THE DATA ::

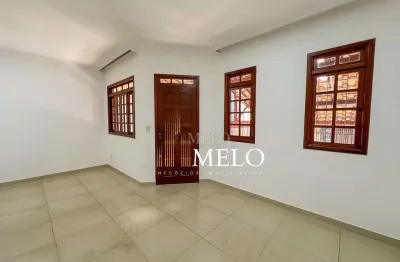 Casa com 3 quartos à venda na Rua Vera Lúcia, Rio Branco, Belo Horizonte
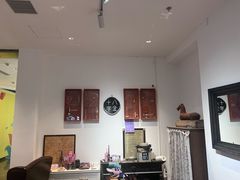 -十八字金·银饰·拼豆·开蚌DIY(魏公芳华里店)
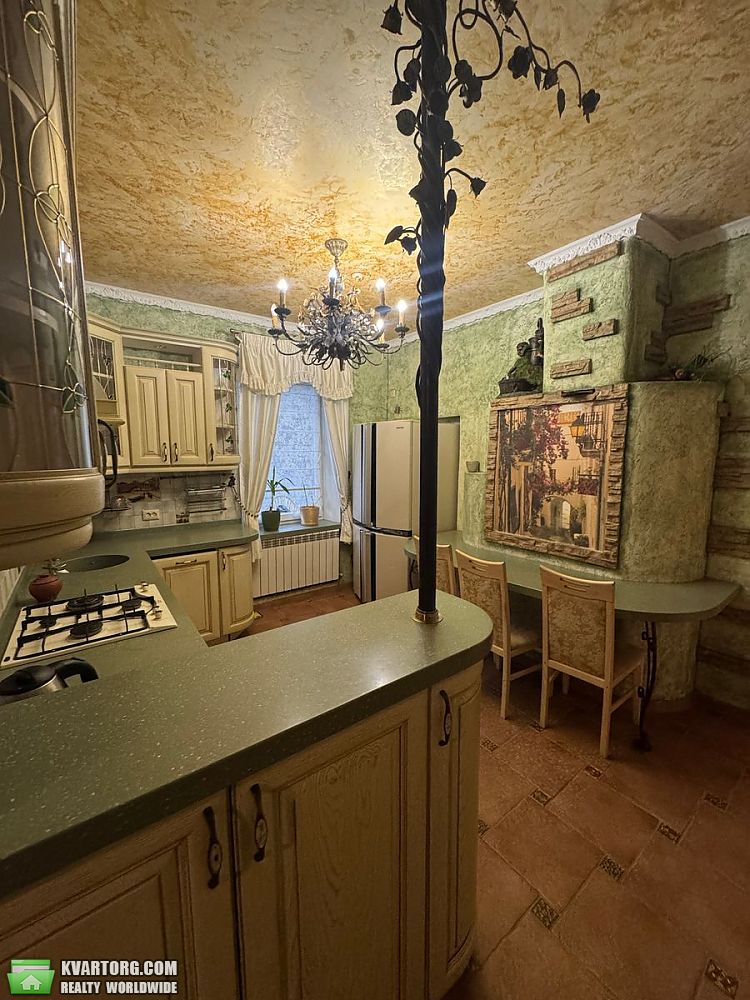 Rent out house. Киев,  Гвардейская — photo 2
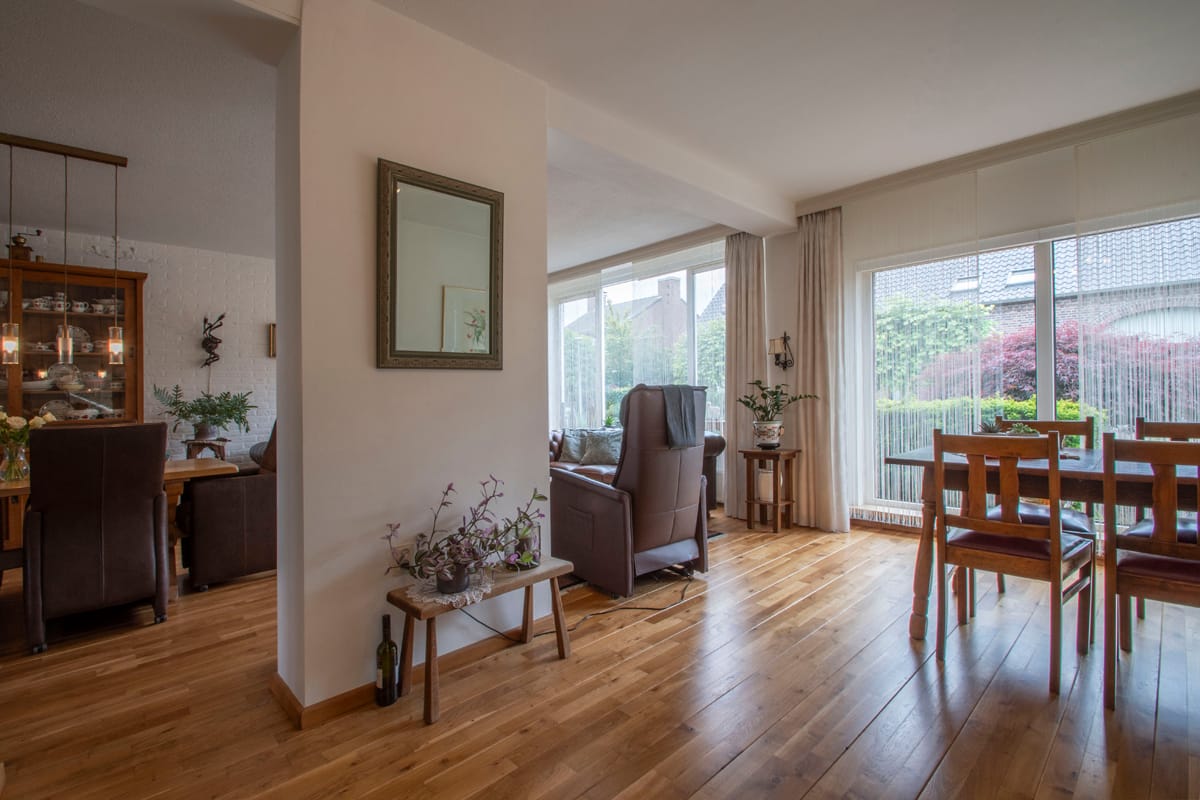 Photo 25 of Holstraat 8-B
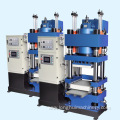 Motorcycle Four-column Hydraulic Press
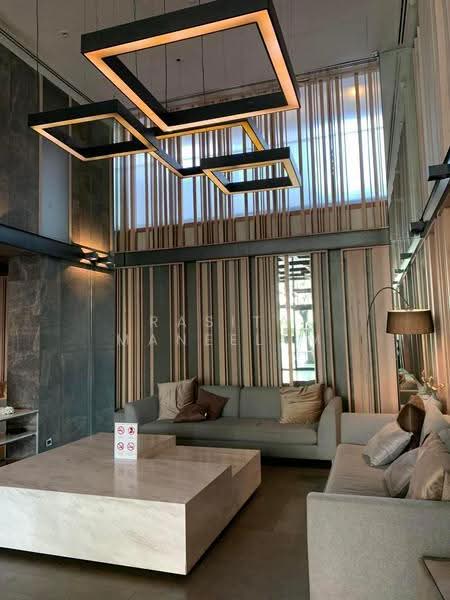 Centric Ratchada-Huai Khwang, Bangkok, Ratchadapisek Road, Huai Khwang, Bangkok, 1 Bedroom, 33 sqm, Condo For Rent, by Rasita Maneelam, 500511425 - DDproperty.com
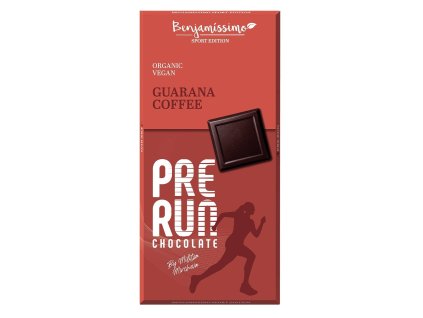 benjamissimo pre run cokolada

HOW TO COMPLETE THIS TASK :: Word for word, restate all of the data, but do not copy the pictures.

WRITTEN SOLUTION ::
 Casa com 3 quartos à venda na Rua Vera Lúcia, Rio Branco, Belo Horizonte
 -十八字金·银饰·拼豆·开蚌DIY(魏公芳华里店)
 Rent out house. Киев,  Гвардейская — photo 2
 Photo 25 of Holstraat 8-B
 Motorcycle Four-column Hydraulic Press
 Centric Ratchada-Huai Khwang, Bangkok, Ratchadapisek Road, Huai Khwang, Bangkok, 1 Bedroom, 33 sqm, Condo For Rent, by Rasita Maneelam, 500511425 - DDproperty.com
 benjamissimo pre run cokolada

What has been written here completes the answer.